Writing my long story Her Mother’s Garden, which was also inspired by real events, helped me through the loss of my parents. Some years ago, they sold the house where I had grown up and it was subsequently torn down. But worse, the stunning garden my mother had cultivated for over forty years was bulldozed. Rhododendrons heavy with magenta blooms, pink climbing roses crowning an arbor, royal blue iris standing at attention beside a shaded pool where golden carp circled at dusk were all relegated to memory. Then came the illnesses, the falls, the strokes, and finally, death, first my father and then my mother. Like other members of my family, I tried my best to process this period of sorrow. But only by writing a story about a daughter’s attachment to her mother’s garden, and the sad experience of watching her parents age and her childhood recede, was I able to move forward.
Writing this story hollowed me out and left me feeling spent, but the surprising end helped me to stand again on my own two feet. After many drafts, I came to realize that the daughter needed something specific to happen to make her understand she must leave the haunted landscape of her childhood. Nudged off the garden path, she finally steps outside the cloistered loveliness of her mother’s garden—as did I.
After finishing that story, I felt quite different, not only about my past, but my future. I hope readers will feel similarly when they read it. A good work of fiction should leave us better prepared for what we face off the page—not in a prescriptive way, but by enlarging our human understanding. The tales we read, and those we write, should be rich with a dark, nourishing soil—to continue the garden metaphor—that allows us to thrive and grow upward into sunlight.

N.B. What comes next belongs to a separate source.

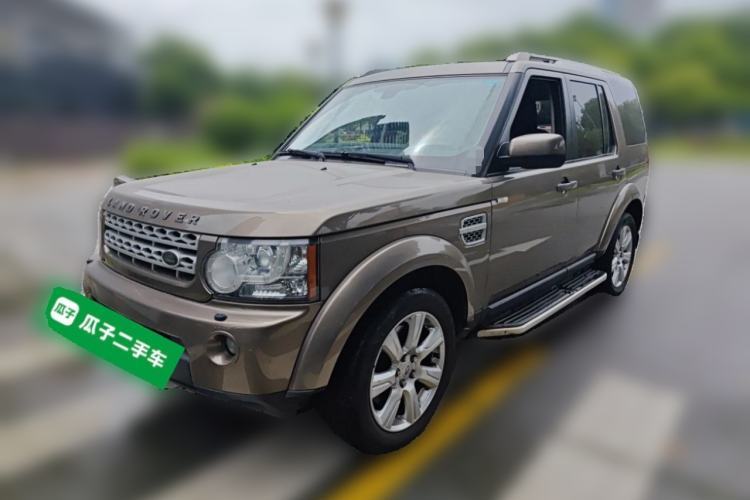 Used Land Rover Discovery 2013 3.0 SDV6 HSE Diesel Edition Guazi used car, China used car export, Used car for sale, Used cars, Cheapest cars for sale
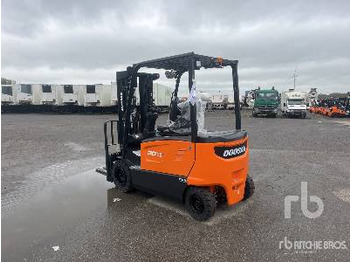 Нови Електрокар DOOSAN B30X-7 PLUS (Unused): снимка 2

According to Professor Laurie Santos in her PSYC 157: Psychology and the Good Life—the most popular class in the history of Yale University—genetics shape roughly 50 percent of our chances for happiness, while ten percent is dictated by circumstances beyond our control. But the final 40 percent is determined by our thoughts and attitudes. Novels and stories that infuse themselves into our consciousness and reshape how we see the world can tip that crucial 40 percent towards happiness.
Though, in the end, perhaps simple happiness is one of the least rewards of reading and writing fiction. A deeper, more profound understanding of life through literature can outweigh all of this year’s self-help bestsellers promising easy rewards. For as we go in search of greater meaning in life, we can do no better than to open a good book of fiction and let ourselves remember who we are at our most complex and real.